Two famous editors once taught a class of film students about story. They split the class into two groups and gave each the same documentary style footage. The first group was told to cut the seemingly unrelated footage into a narrative. The second was told to stay away form narrative completely, to edit the footage in a way that’s as far away from a story as possible.

Once the class handed in their assignments, some of the resulting films were shown to them. The interesting thing is not that the first group managed to craft a story from disparate elements, it’s that the second group, no matter how hard they tried, always seemed to convey some kind of narrative in their films.

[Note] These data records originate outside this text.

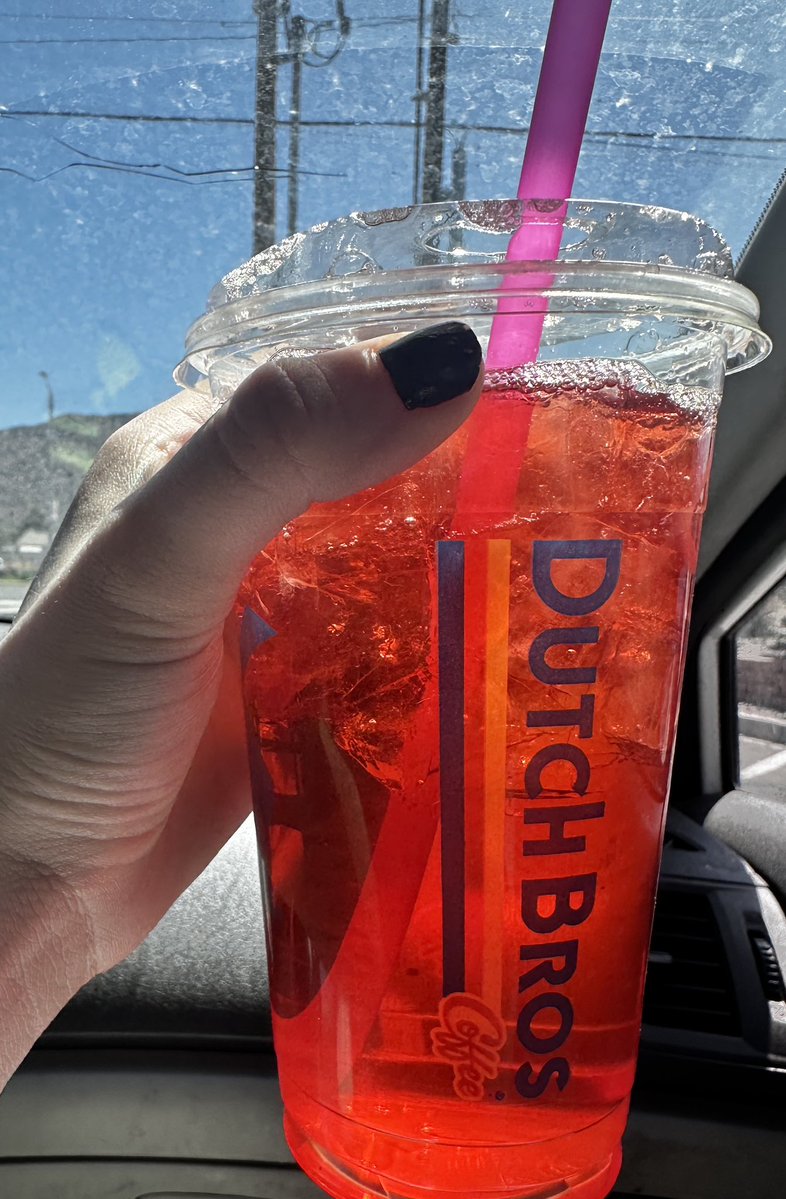 Cleo ! 🦎 tweet media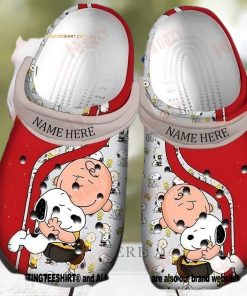 Top selling Item  Snoopy Characters Rubber Unisex Crocs Crocband Clog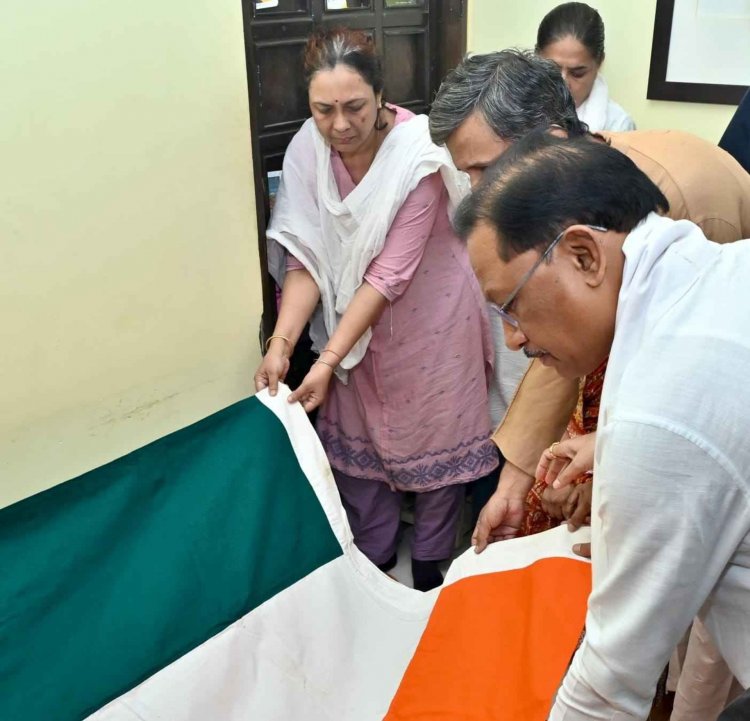 ज्ञानपीठ सम्मानित साहित्यकार विनोद कुमार शुक्ल को मुख्यमंत्री श्री विष्णु देव साय ने दी भावभीनी अंतिम श्रद्धांजलि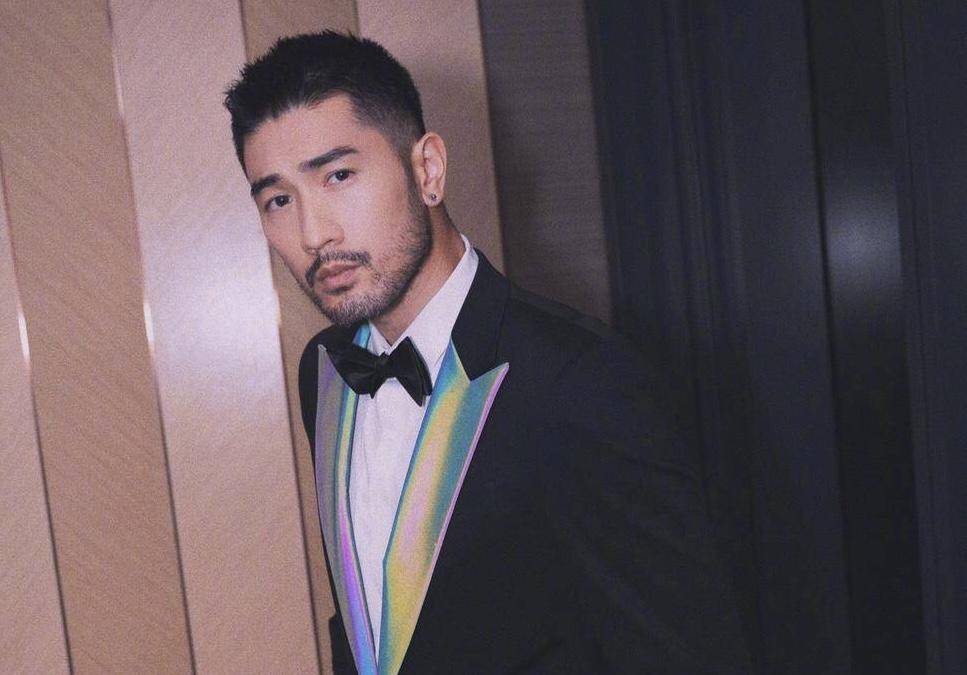 高以翔离世半年多仍被“消费”，粉丝欲送花缅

Which tells us one thing with two possible interpretations: We cannot get away from story. We are caught in narratives. The question is whether we create them or are just so well programmed to look for them that we cannot NOT see them everywhere we look. This means not only that we weave narrative into the fabric of everything that we create, but that we instinctively imbue otherwise storyless objects with narrative.

Now, when you design a roller coaster, you structure an experience. Within that brief you will always have some sort of narrative. It’s about movement through spaces with different emotive aspects, as Stefan Sagmeister mentions in the video. Yes, it is based in some sort of narrative, but does that make the designer a storyteller?

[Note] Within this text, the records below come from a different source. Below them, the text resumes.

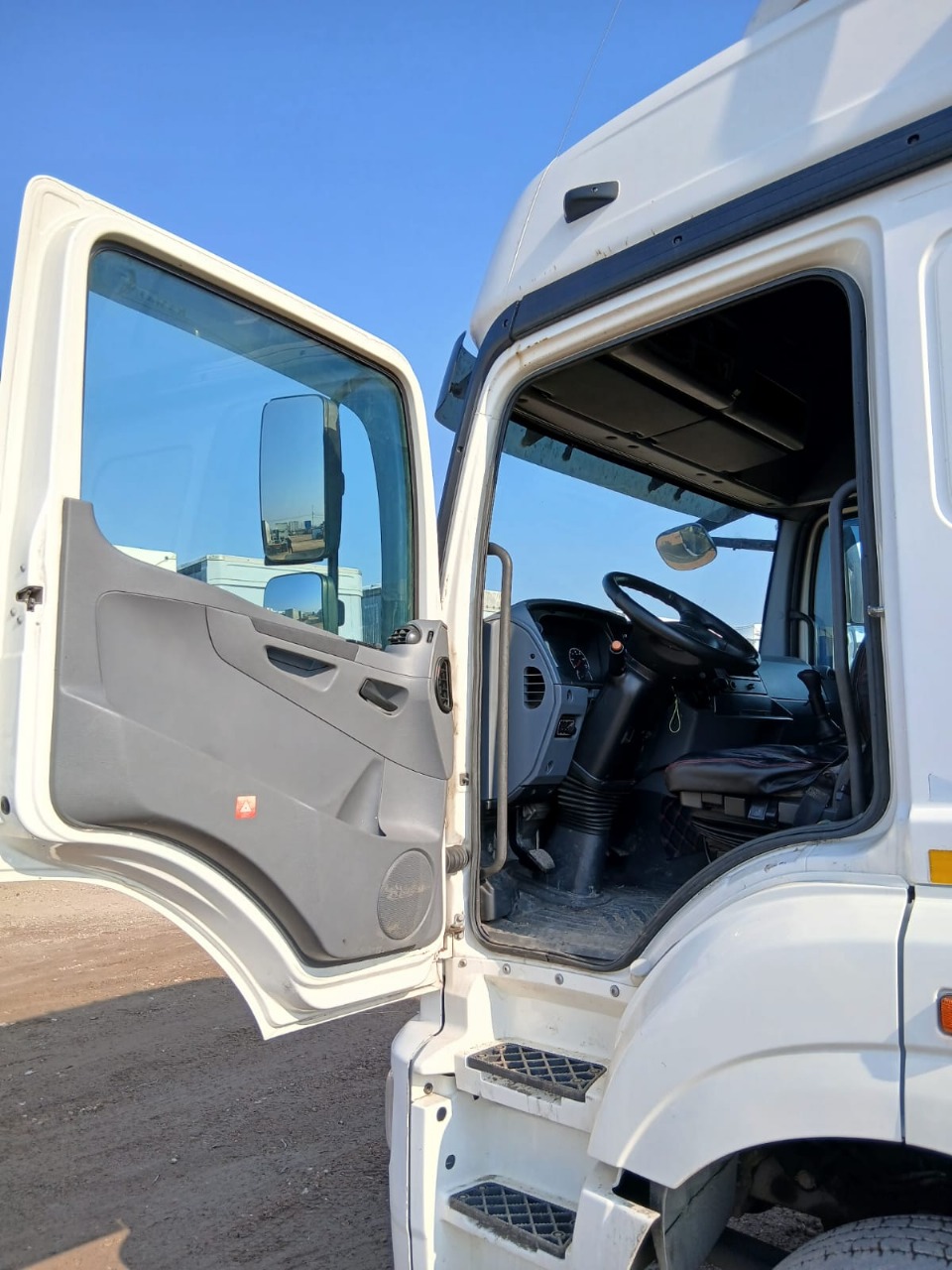 КамАЗ 5490 4x2 Седельный тягач 2016 г. - фото 5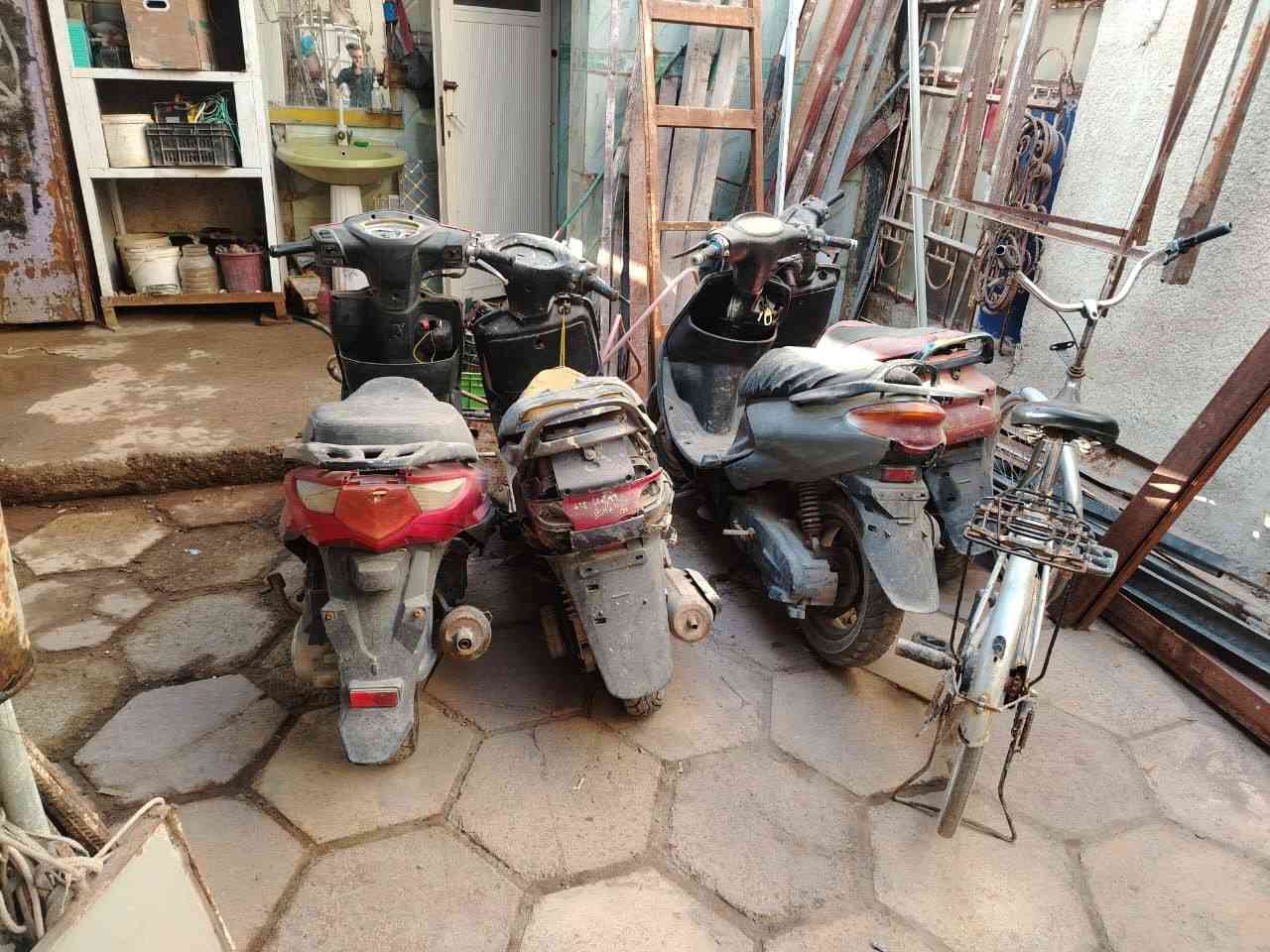 السلام عليكم خوان هذن دراجات  للبيع كلهن سوه سعر 750 وبي مجال اعطالهن بصيطه جوزه لو باتري لو تنضيف كابريته كلشي ما بيهم تجي تفحص وتشوف واكفلهن من سرقه من عشاير لو دوله تجيني للبيت وتشوفهم مو بغير مكان المو شراي فدوه لا يخابر ***********
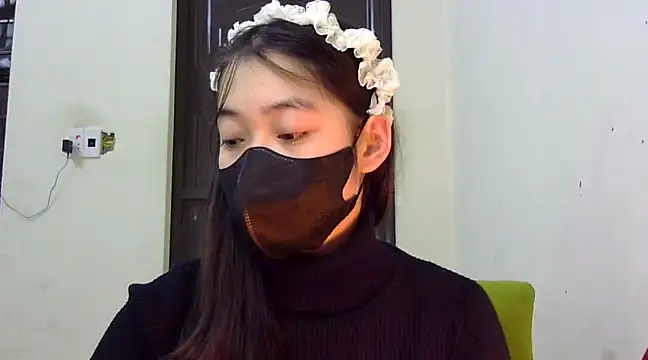 Snapshot of DA-EUN chatting on February 25, 2025, 4:24 am DA-EUN online show from February 25, 2025, 4:24 am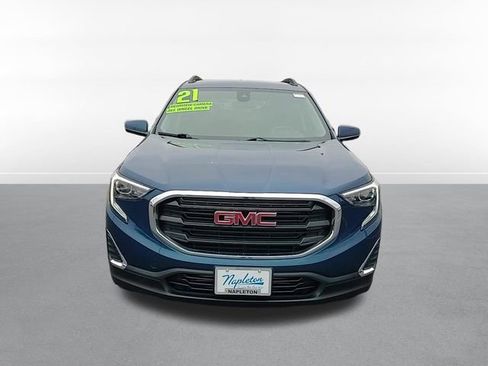 Used 2021 GMC Terrain SLE w/ Driver Convenience Package image 2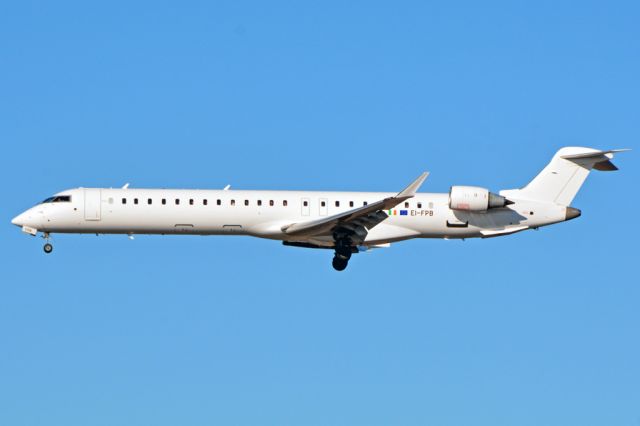 Canadair Regional Jet CRJ-900 (EI-FPB)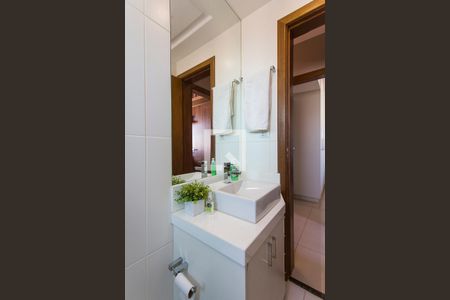 Apartamento para alugar com 95m², 3 quartos e 2 vagas Apartamento para alugar com 95m², 3 quartos e 2 vagasBanheiro Social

Calling yourself a storyteller seems to me to say something about the primacy of storytelling in what you do, like, you are primarily a storyteller. But if we take the above idea to its logical conclusion, then we are ALL storytellers, whether it’s the novelist or the accountant. Every act and object is imbued with its own little narrative through the fact that a human is participating in it somehow.

As with iconography, ubiquity goes hand in hand with meaninglessness. If everyone is a storyteller, then calling yourself a storyteller is nonsensical, on the level of trying to convince people that you are human (To any non-human reading this, please just swop human for your species. Which proves my point. It’s only in differentiation that we can truly make sense.)

It seems that my immediate reaction is to make a distinction. To say yes and no at the same time, like Pandora opening Schrodinger’s box.

Yes, we are all storytellers. Each and every one of us. Revel in it, live it, be inspired to create with your life a story that is great.

But no, we are not all STORYTELLERS. We are not all concerned on a day to day basis with structuring narratives, crafting stories. If that is what you do, great. If it isn’t, great. We don’t all have to be storytellers. That’s just the fashion these days. Calling nearly anything storytelling (which I think I’ve shown to be possible) reduces the concept of storytelling to meaninglessness. It makes less of those people who are explicitly trying to do it.

The problem is that there are no obvious lines to draw here. We ride the roller coaster of sliding scales, so don’t get too worked up about it. If you truly believe that you are a storyteller, why not tell your own story with more specificity? Be a writer. No, be a novelist, screenwriter, journalist whatever. Be a filmmaker, be a designer, be a landscaper, be whatever you are. Gleefully get on that sliding scale, but know that blanket terms are often counterproductive. It’s in the specifics that your true value lies.

Blankets are comfortable, but they also hide you from the outside world.